The good and the phony in the new Williams biopic sit side by side in the opening minutes. After the first of several faux black-and-white interview sequences featuring Bradley Whitford as Williams' producer, Fred Rose, aka “Mr. Exposition,” we get to the star. On a soundstage of the mind, swathed in highly theatrical lighting, Hiddleston performs an a cappella version of “Cold, Cold Heart.”
It's arresting. A hit for both Williams and, on the pop charts the same year, 1951, for Tony Bennett, the song is deathless, a lonesome killer for the ages. Hiddleston, a mellifluous, classically trained British actor best known to American audiences as Loki in “The Avengers” universe, clearly has done his research, his singing homework and his dialect lessons. He strikes a series of precise, Bob Fosse-gone-country poses accompanied by subtly shifting lighting cues.
But was Williams, who died New Year's Day 1953, after 29 years of hard drinking and bad behavior, this sort of performer? Hiddleston holds your attention from the start, but this dreamlike prologue doesn't feel quite right for the subject. The cockiness was there, for sure, and you can see it in the clips of Williams' early-television performances all over YouTube. But there's something off with the filmmaking from the beginning of “I Saw the Light.” For many, Hiddleston will be enough; for two hours, though, he and his co-stars struggle inside the cautious, clip-cloppy rhythm and uncertain style.

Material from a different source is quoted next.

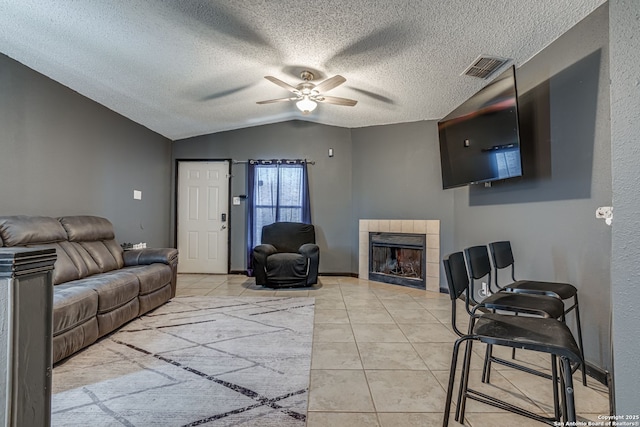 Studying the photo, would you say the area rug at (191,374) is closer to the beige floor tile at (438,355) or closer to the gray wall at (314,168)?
the beige floor tile at (438,355)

Writer-director Marc Abraham adapted his script from “Hank Williams: The Biography” and focuses on Williams' tumultuous love life, beginning with his first wife, fledgling and not-good singer Audrey, played by Elizabeth Olsen. “I Saw the Light” gets going chronologically in the year 1944, when Hank and Audrey got hitched in an Alabama filling station. Already the singer-songwriter's drinking was trouble, and it got worse. The movie tones down the physical abuse and plays up the roguish charm.
We see the Grand Ole Opry successes, the infidelities, the betrayals in due course. Abraham has the best luck with the early scenes between Hiddleston and Olsen; the actors suggest the tensions in the marriage subtly and well. But the writing is prosaic throughout, and longtime producer Abraham's second directorial feature suggests he has much to learn about activating a story visually. Even when it's sticking to the facts on the record, “I Saw the Light” makes real drama out of its real-life dramas only sporadically.
Hiddleston, his eyes full of fire and melancholy longing, was an inspired choice. Everything not quite right with most movies, however, goes wrong long before the actors arrive on set.